• Task details
Only one stretch of the material below is wanted: everything from the line containing "Retro Mini Recording" down to the line containing "GINER Y COLOMER", both ends included. Repeat it exactly and skip the pictures.

• The records
* * * * * * * * *

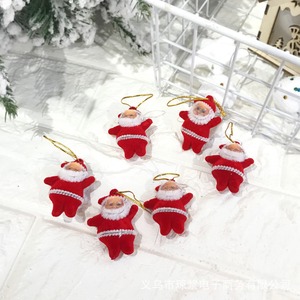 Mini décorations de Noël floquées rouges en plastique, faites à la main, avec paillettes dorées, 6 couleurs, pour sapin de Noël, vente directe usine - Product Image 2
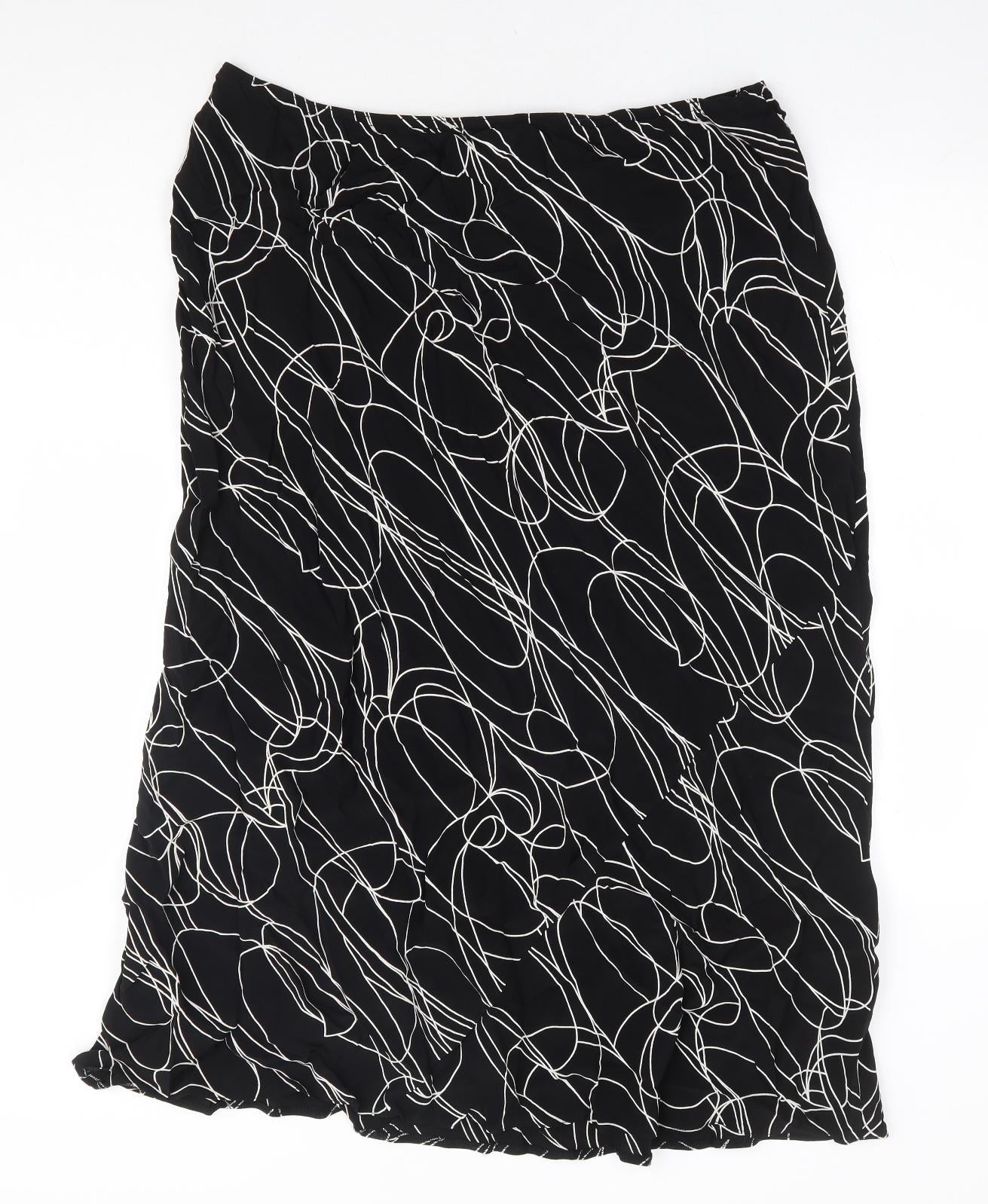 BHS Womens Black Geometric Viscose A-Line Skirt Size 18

* * * * * * * * *

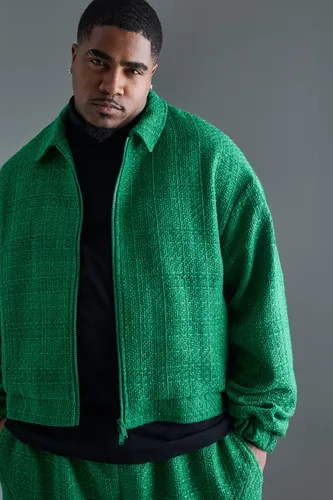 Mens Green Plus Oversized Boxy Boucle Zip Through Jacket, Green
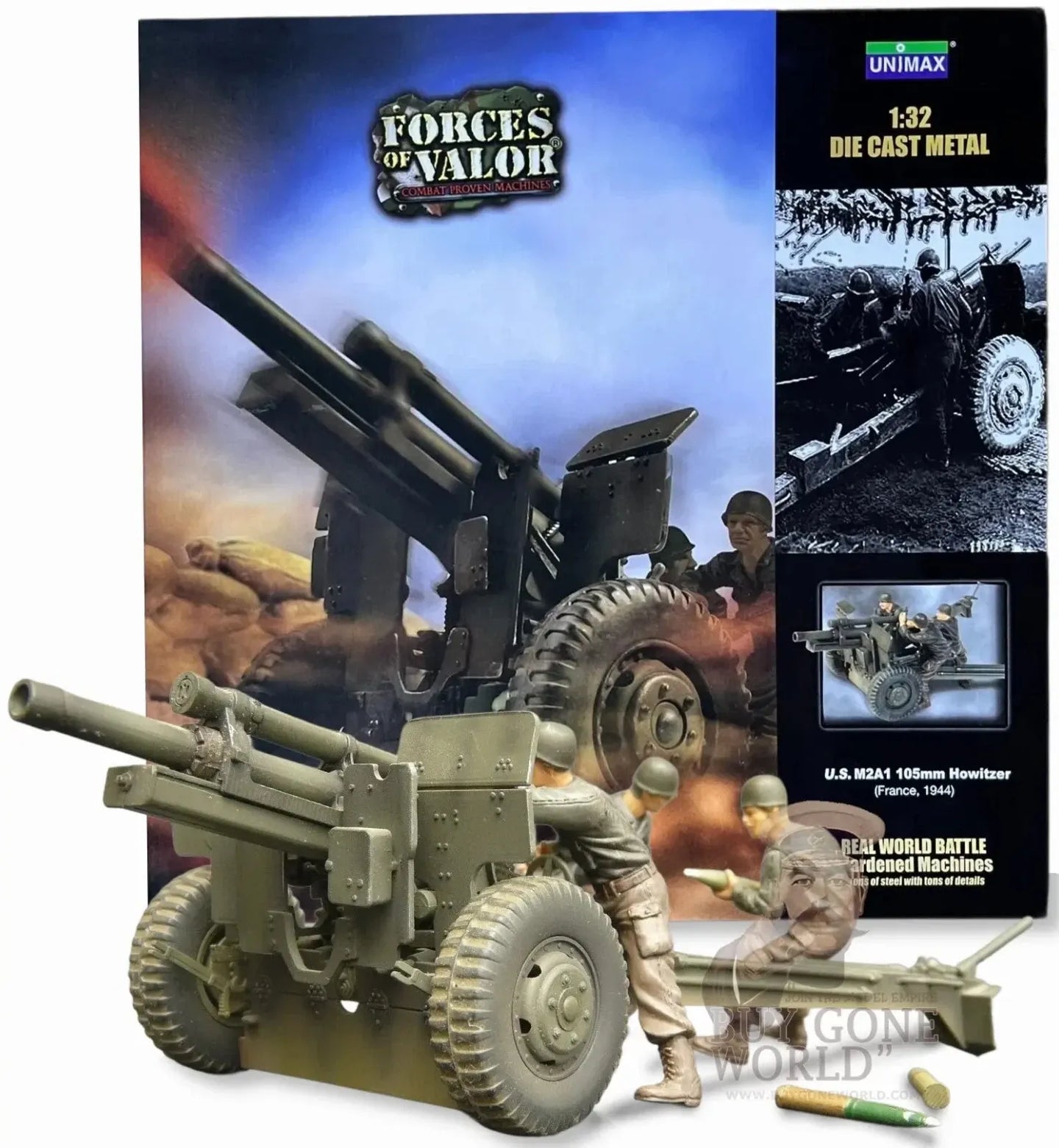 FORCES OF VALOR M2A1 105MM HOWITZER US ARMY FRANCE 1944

* * * * * * * * *

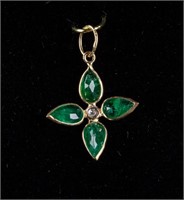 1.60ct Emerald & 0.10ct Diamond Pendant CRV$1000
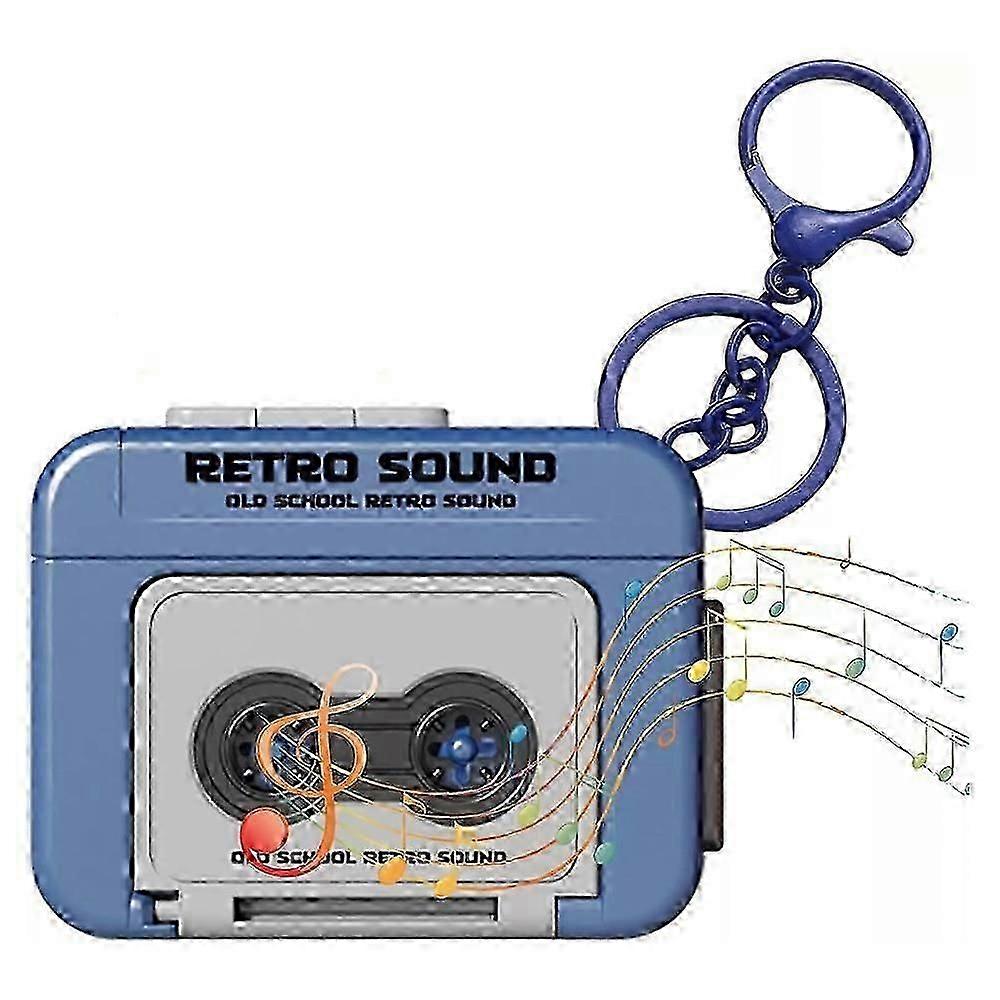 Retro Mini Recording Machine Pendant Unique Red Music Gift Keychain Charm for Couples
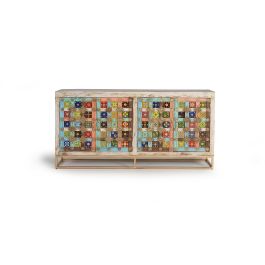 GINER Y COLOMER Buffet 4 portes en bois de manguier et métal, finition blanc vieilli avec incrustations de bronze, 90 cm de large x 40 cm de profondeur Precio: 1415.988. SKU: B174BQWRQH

* * * * * * * * *

• Solved problem
 Retro Mini Recording Machine Pendant Unique Red Music Gift Keychain Charm for Couples
 GINER Y COLOMER Buffet 4 portes en bois de manguier et métal, finition blanc vieilli avec incrustations de bronze, 90 cm de large x 40 cm de profondeur Precio: 1415.988. SKU: B174BQWRQH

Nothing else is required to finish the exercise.